Siempre me ha parecido algo pueril esa disputa entre los partidarios de Antonio Machado y los de Jiménez. Dos grandes poetas en sus estilos respectivos, tan distintos, pero que se respetaban tanto como desdeñarían a sus epígonos de hoy, ramplones y sentenciosos versificadores de un lado, del otro divos y divas que se creen tocados por los dioses en cualquier cosa que escriben a solas con sus espejos.

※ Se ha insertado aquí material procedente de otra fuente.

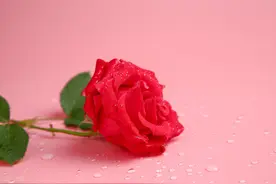 结了婚才能懂的一些话，婚前的你最好也看下图片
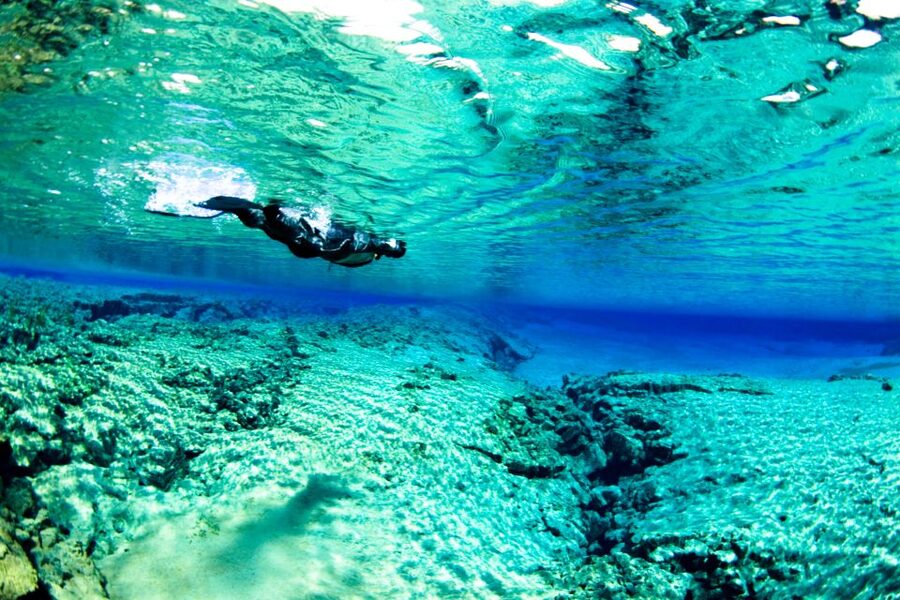 Reykjavík: Silfra Fissure Snorkeling and Lava Caving Tour - Price and value: why $202 can actually feel fair here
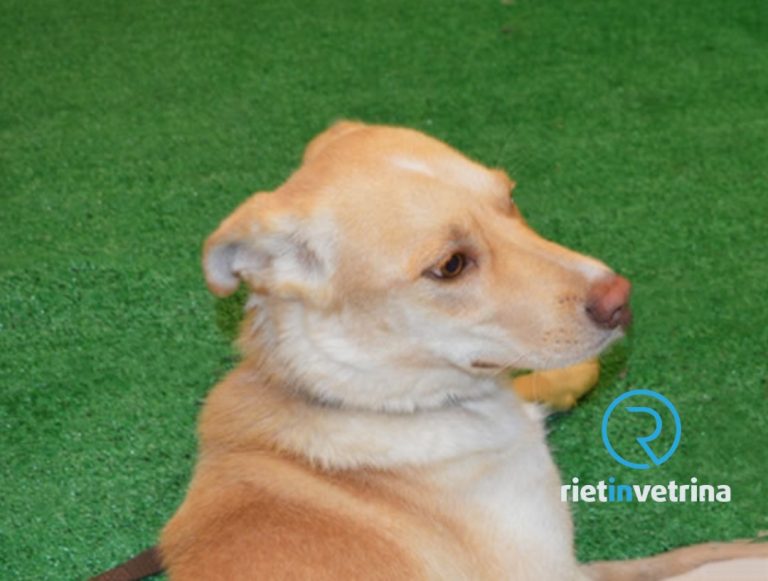 SEI TU IL REPORTER – “A Rieti ci sono ristoranti che ancora non accolgono persone con il proprio cane”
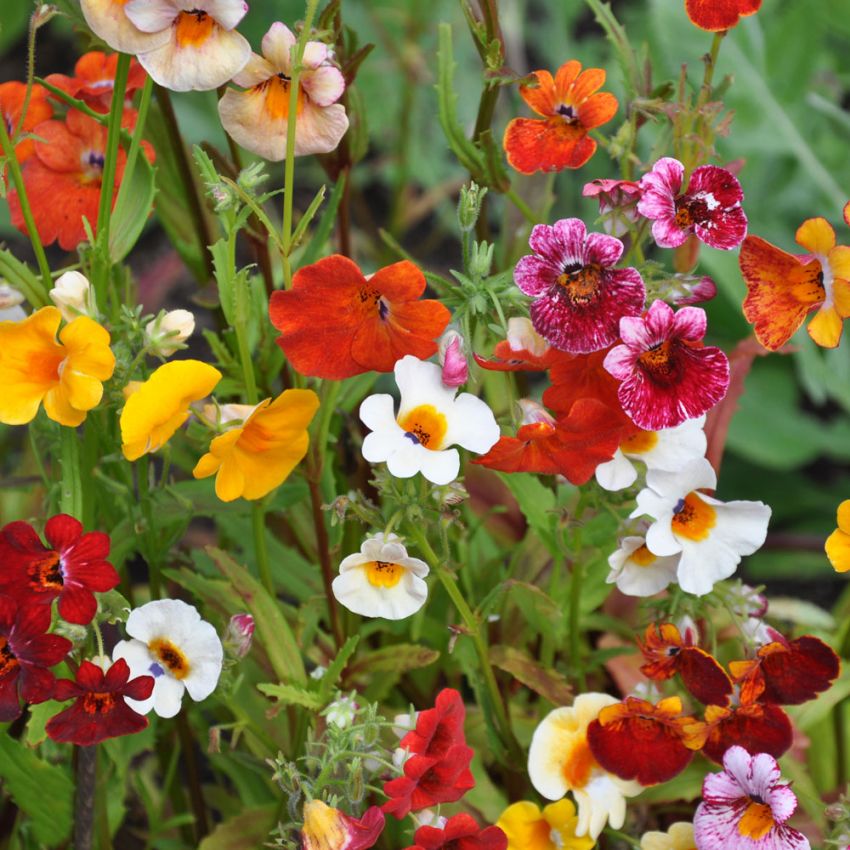 Nemesia 'Carnival' i gruppen Frø / Ettårige blomster hos Impecta Fröhandel (28587)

Para dejar clara su importancia en la poesía mundial del siglo XX ha escrito Juan José Lanz su libro Juan Ramón Jiménez y el legado de la Modernidad, publicado por Anthropos. Lanz, profesor de literatura española en la Universidad del País Vasco (donde, en los años del plan Ibarretxe, algunos quisieron suprimir la Filología Hispánica, a pesar de sus muchos alumnos) y amigo de Extremadura, donde ha venido unas cuantas veces (la última, para el congreso Transversales, organizado en Cáceres en 2016) sitúa a Juan Ramón como “el poeta español más representativo y europeo de la primera mitad del siglo XX” en diálogo con lo mejor de la poesía occidental de su época.

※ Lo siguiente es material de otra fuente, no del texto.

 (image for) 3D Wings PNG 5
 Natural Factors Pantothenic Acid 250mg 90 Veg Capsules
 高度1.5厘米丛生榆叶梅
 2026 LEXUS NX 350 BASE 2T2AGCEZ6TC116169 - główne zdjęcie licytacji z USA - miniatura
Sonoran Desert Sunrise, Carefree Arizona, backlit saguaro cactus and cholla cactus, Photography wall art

En nuestra sociedad postmoderna de redes, horizontal y sin ningún centro salvo el que señale el cursor en la pantalla, cuando un verso de Juan Ramón o un cuadro de Goya están al mismo nivel que una ocurrencia de Pepito o un vídeo de gatitos, a muchos resultará ajena la enorme ambición que los fundadores de la literatura moderna pusieron en la palabra. Juan Ramón vivió solo para la poesía, algo que si pudiera parecer envidiable, no lo es para quien sufre por la insuficiencia de la lengua para expresar lo que siente. En la articulación de su libro, Lanz se basa en la propia confesión del poeta: “Tres veces en mi vida, a mis 19, a mis 33, a mis 49 años, salí de mi costumbre lírica conseguida a explorar con el ánimo libre el universo poético. Tres revoluciones íntimas, tres renovaciones propias, tres renacimientos míos”.

Lanz expone con detalle la aportación de Juan Ramón, tan amplia que, sin su obra, la poesía española del siglo XX es inimaginable. Si Rubén Darío trajo la musicalidad, el de Moguer depuró como nadie la representación de la intimidad. Del impresionismo de sus inicios pasó a la poesía pura, desnuda, que suscitará años después la reacción de la “poesía impura” de Pablo Neruda. En el exilio, sus obras magnas Tiempo y Espacio dialogan con la ciencia y la filosofía coetáneas.

Lanz dedica uno de sus últimos capítulos a su influencia en la poesía de postguerra. Es lástima que no avanzara más en la cronología: a tenor de lo que se observa, por ejemplo con los poemas que escogen para desarrollar actividades mis alumnos, la obra mínima de Jaime Gil de Biedma es hoy mucho más popular que la ambición de Juan Ramón. Es más fácil medirse con la pequeñez impostada del barcelonés que con la altura, algo altiva, del andaluz.